Em termos de boa governança corporativa, fica muito clara a necessidade de disseminar em cada membro da organização e pessoas relacionadas, o conceito e o dever de estar em cumprimento às normas internas, leis e regulamentos a que a organização está submetida, ou seja, estar em compliance. Para atingir esse objetivo a organização deve dispor de vários mecanismos que abordaremos resumidamente:
a) Existência de normas internas definidas em manuais, banco de dados ou instruções, incluindo em destaque o Código de Ética e Conduta;
b) Procedimentos automatizados por meio de sistemas computadorizados, que exercem o papel de enquadramento ou de balizamento das transações;
c) Procedimentos de auto-avaliação ou “self assesment” que permitem a cada individuo ou setor avaliar, segundo parâmetros pré-estabelecidos, o seu grau de risco e eficiência, bem como o comprometimento com os controles;
d) A designação em cada setor da organização de uma pessoa encarregada por disseminar no setor e em relação às pessoas relacionadas o compliance ou o cumprimento das instruções, leis e regulamentos no dia a dia;
e) A designação de um Compliance Officer ou Responsável pela Supervisão Geral na organização da função Compliance. Cabe a ele estar em contacto com os responsáveis de cada setor e disseminar as diretrizes estabelecidas pela alta administração bem como as mudanças nas leis e regulamentos que afetem a atividade da organização;
f) A conscientizarão constante que os responsáveis pelo Compliance devem fazer em relação aos funcionários do setor e às pessoas relacionadas sobre a importância da função. Se não houver um treinamento constante, os funcionários e as pessoas relacionadas esquecem e aos poucos negligenciam.

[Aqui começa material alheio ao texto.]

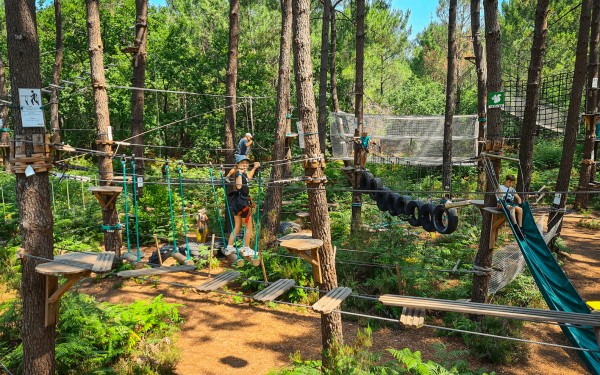 Boomklim parcours Dordogne 1 tijdens vakantie in Frankrijk.jpg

A auditoria interna, por outro lado, segundo conceito moderno defendido pelos especialistas, é uma atividade objetiva e independente (dos setores ou atividades auditadas) que presta serviços de avaliação (assurance) e consultoria e tem como objetivo adicionar valor e melhorar as operações da organização. Lawrence Sawyer, renomado especialista em auditoria interna, assim a definiu: “a função do auditor interno é fazer aquilo que a direção gostaria de fazer se tivesse tempo para fazer e soubesse como fazê-lo”. Apesar de algum tempo decorrido, essa definição tem-se mostrado moderna e verdadeira.
Poderíamos concluir de um modo pragmático que a função de Compliance atua mais na fase de definições ou estabelecimento das normas, divulgação e treinamento e no acompanhamento das transações no dia a dia; e a auditoria interna, com base nas verificações pontuais em amostras de transações, na revisão dos riscos operacionais e dos controles internos existentes para mitigar esses riscos. Não poderíamos deixar de realçar os objetivos adjacentes da função de auditoria interna que são os de: a) identificar oportunidades de aperfeiçoamentos e busca de eficiência; b) detectar indícios ou existência de fraudes ou irregularidades na organização.
Para finalizar, lembrei-me do exemplo bem simples que um colega, Compliance Officer de um grande banco, deu para a sua mãe, quando indagado por ela sobre a diferença entre um profissional e outro: “Não existe uma lei que nos obriga a usar o cinto de segurança?; bem, o Compliance officer irá nos explicar a importância de usar o cinto, como usá-lo, as conseqüências de não usar , etc. O auditor interno é o guarda da CET que irá verificar se estamos efetivamente usando e com certeza multar-nos se formos pegos sem ele.”
Marco Antonio Muzilli, consultor em Governança Corporativa, tendo atuado por mais de 20 anos como sócio de Auditoria da KPMG.